MatmulPolicy

Applicability

Product	MatmulPolicy	TrianUpperMatmulPolicy/TrianLowerMatmulPolicy	NBuffer33MatmulPolicy
Atlas A3 training products / Atlas A3 inference products	√	√	√
Atlas A2 training products / Atlas A2 inference products	√	√	√
Atlas 200I/500 A2 inference products	√	x	x
Atlas inference product 's AI Core	√	x	x
Atlas inference product 's Vector Core	x	x	x
Atlas training products	x	x	x

Function

The template parameter MatmulPolicy is used to define the policy of the Matmul extensible module. Currently, the following Matmul built-in template policies are supported:

MatmulPolicy (default template policy)
Enables the default implementation policy of the Matmul API.
TrianUpperMatmulPolicy (upper triangular template policy)
The computation result of a matrix multiplication instruction is a matrix block of baseM × baseN. The matrix block is called a base block. If the base block in the Matmul result matrix C is located in the lower triangular position, the base block is ignored during data computation and data move-out in Matmul. The final matrix C is an upper triangular matrix. The following figure shows the upper triangular template policy. The matrix shape sizes are as follows: M = N = 512, K = 256, baseM = baseN = baseK = 32.

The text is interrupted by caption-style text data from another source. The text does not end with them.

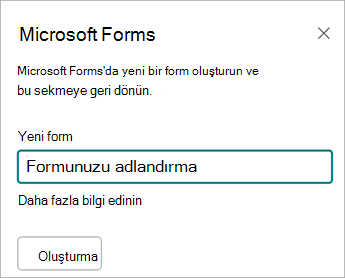 Yeni formunuz için bir ad girin
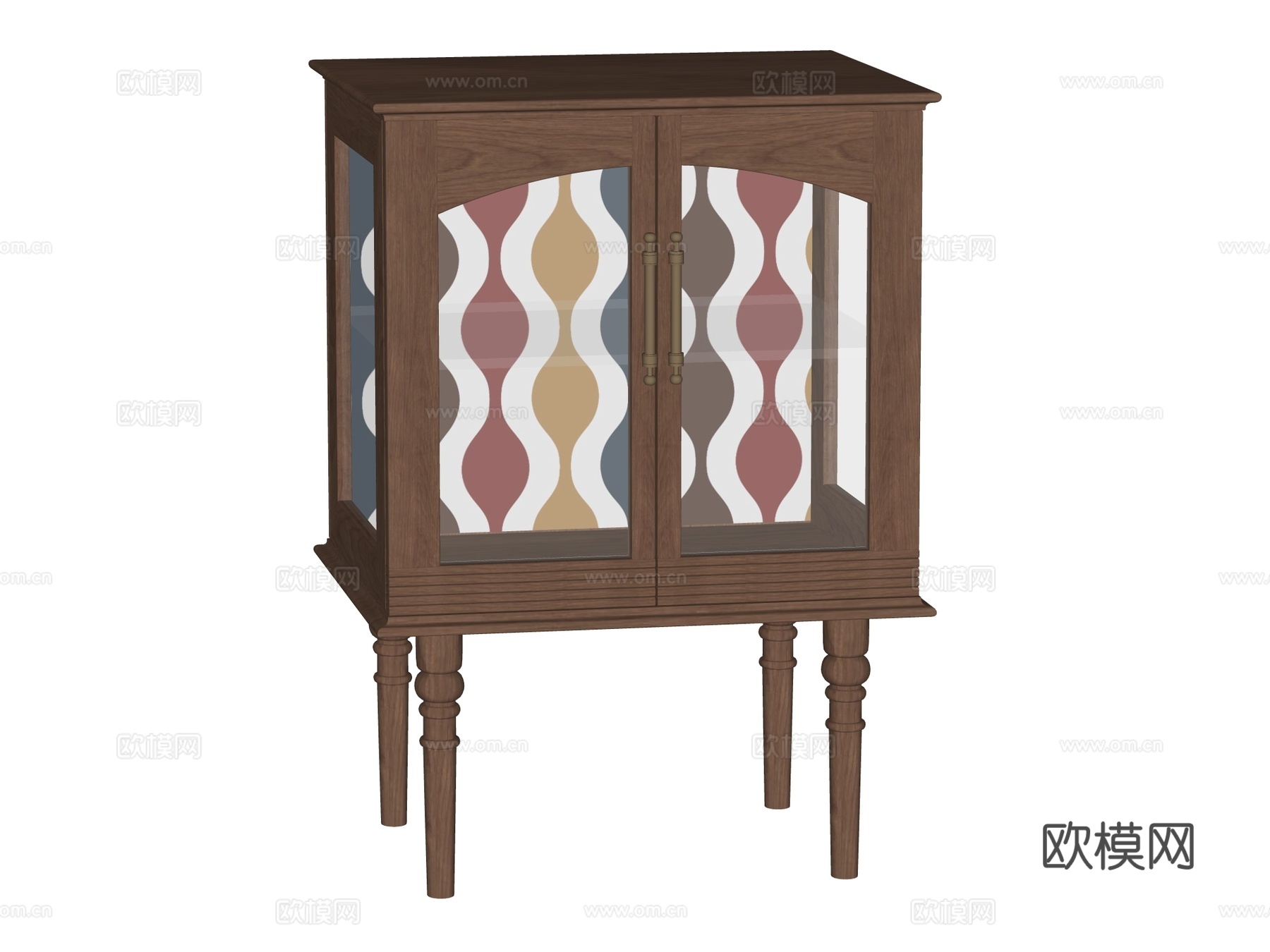 中古边柜装饰柜储物柜su模型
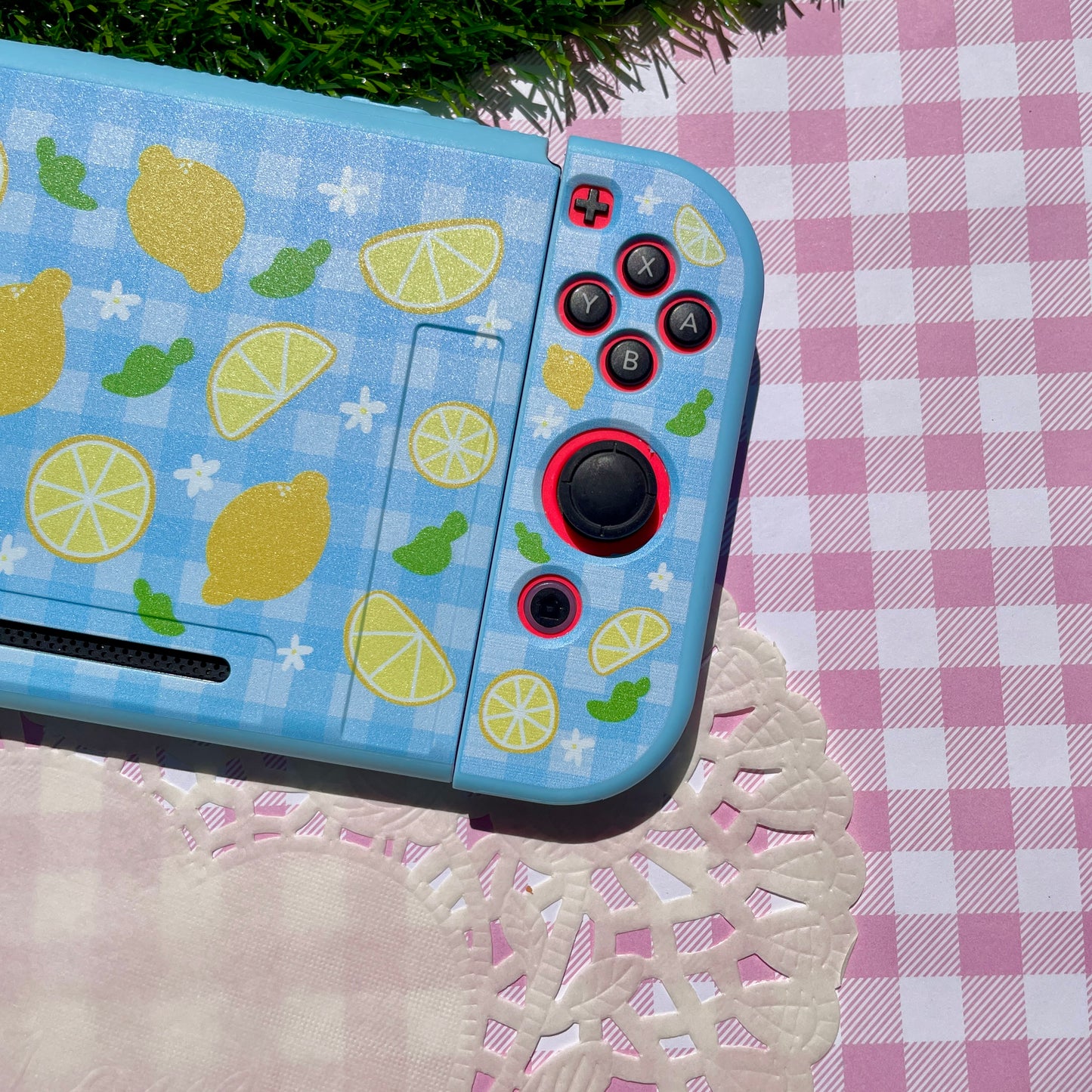 Lemon Gingham Nintendo Switch Case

Figure 1 Upper triangular template policy
TrianLowerMatmulPolicy (lower triangular template policy)
The computation result of a matrix multiplication instruction is a matrix block of baseM × baseN. The matrix block is called a base block. If the base block in the Matmul result matrix C is located in the upper triangular position, the base block is ignored during data computation and data move-out in Matmul. The final matrix C is a lower triangular matrix. The following figure shows the lower triangular template policy. The matrix shape sizes are as follows: M = N = 512, K = 256, baseM = baseN = baseK = 32.

Figure 2 Lower triangular template policy

NBuffer33MatmulPolicy (NBuffer33 template policy)
The computation result of a matrix multiplication instruction is a matrix block of baseM × baseN. The matrix block is called a base block. The matrix A computed by a single core is divided into 3 × 3 base blocks. All the 3 × 3 base blocks of matrix A are loaded and stored in L1 Buffer. Each time, matrix multiplication is performed between the 3 × 3 base blocks of matrix A and the 3 × 1 base blocks of matrix B. At the same time, DoubleBuffer loads the 3 × 1 base blocks of matrix B required for the next computation in parallel until the matrix multiplication computation in the singleCoreN direction is complete. The following figure shows the NBuffer33 template policy. In the figure, singleCoreM, singleCoreN, and singleCoreK indicate the shape sizes of matrices A and B in a single core. Matrix A computed in a single core is divided into 3 × 3 base blocks, which are all loaded into L1 Buffer. These base blocks are multiplied by the 3 × 1 base blocks of matrix B each time.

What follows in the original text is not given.